Au printemps de cette année, Kiwi Chow avait déjà envoyé une première version du film au Festival de Cannes. Lorsqu’il a appris que le film allait bénéficier d’une projection spéciale, il a envoyé tous les séquences en dehors de Hong Kong pour des raisons de sécurité. Il a déclaré que le principal investisseur du nouveau film sur lequel il travaillait s’était retiré du projet après avoir appris l’existence de Revolution of Our Times, afin de ne pas être impliqué.

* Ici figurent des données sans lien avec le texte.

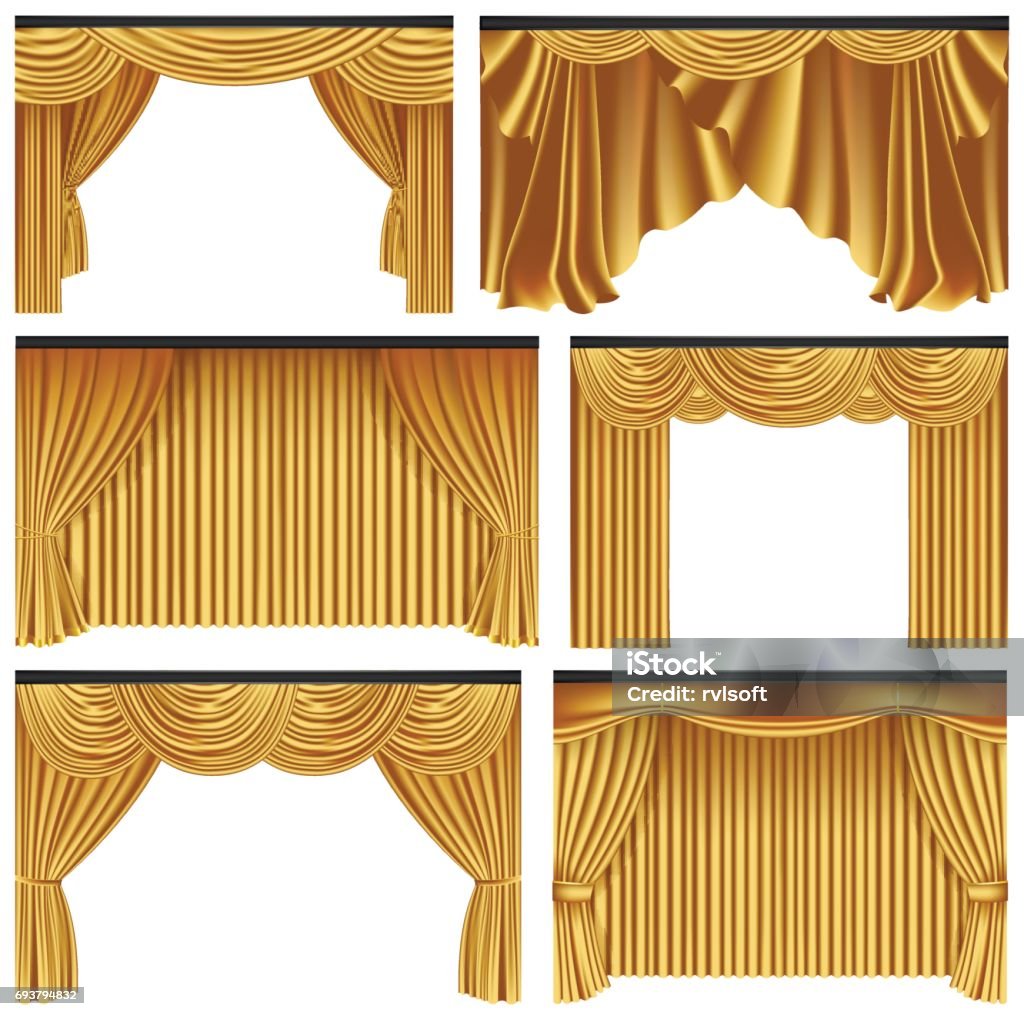Set of gold luxury curtains and draperies Set of gold luxury curtains and draperies on white background, realistic vector illustration Curtain stock vector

Le directeur Kiwi Chow a dit qu’il essaie de ne pas penser à ce qu’il peut et ne peut pas dire, afin de maintenir la vérité. « Je ne veux pas deviner où est la limite, c’est la seule façon pour moi d’être libre. »
Médias : un pari diplomatique du Festival de Cannes
Le choix du festival de Cannes a été décrit par les médias comme un pari diplomatique, et pourrait faire l’objet de plaintes diplomatiques de la part des autorités chinoises et de Hong Kong, comme le rapporte l’actualité.

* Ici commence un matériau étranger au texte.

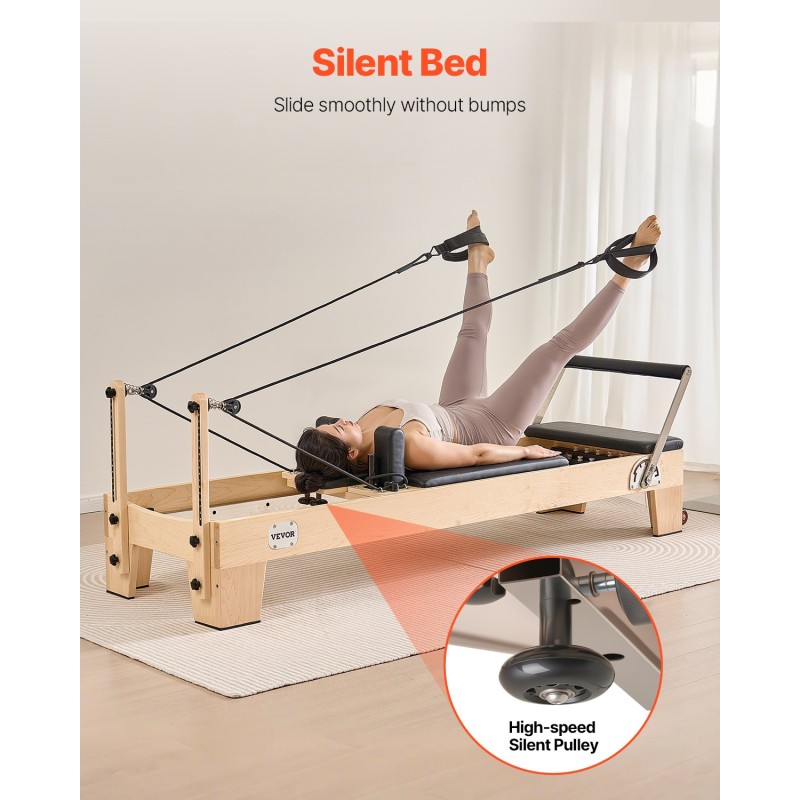 Pilates-reformerikone massiivipuusta 2380x735x925 mm jousi ja köysi istuinlaatikolla kotisalille ja studioille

Au début de l’année, Pékin avait censuré la victoire aux Oscars de la réalisatrice chinoise Chloé Zhao, après qu’elle avait soi-disant critiqué la Chine. L’Académie chinoise du cinéma a également exprimé sa colère à la suite de la sélection aux Oscars d’un autre documentaire anti-chinois, No Cut, qui a conduit la Chine à annuler la retransmission en direct des Oscars et à ordonner aux médias de minimiser la cérémonie de remise des prix.
Les organisateurs du festival de Cannes ont peut-être anticipé la réaction négative et ont choisi d’annoncer et de projeter Revolution of Our Times juste avant la fin du festival, alors que le film avait déjà été projeté et ne pouvait être retiré.
Le Wall Street Journal a rapporté que même le titre du film de Kiwi Chow pourrait provoquer la colère des gouvernements de Hong Kong et de Pékin, car le slogan « Liberate Hong Kong, revolution of our times » (Libérer Hong Kong, la révolution de notre temps) a été accusé de « subversion ». Le 11 juin, le gouvernement hongkongais a annoncé de nouvelles mesures sur la censure des films, exigeant que les films qui « dépeignent, représentent ou illustrent » des actes qui « peuvent constituer un crime contre la sécurité nationale » et qui pourraient être considérés comme « approuvant, soutenant, promouvant, glorifiant, encourageant ou incitant » de tels actes, ou que le film dans son ensemble et son effet sur le public peuvent mettre en danger la sécurité nationale, ne devaient pas être projetés.
Des critiques ont déclaré que la liberté d’expression dans le cinéma de Hong Kong disparaissait à un rythme rapide.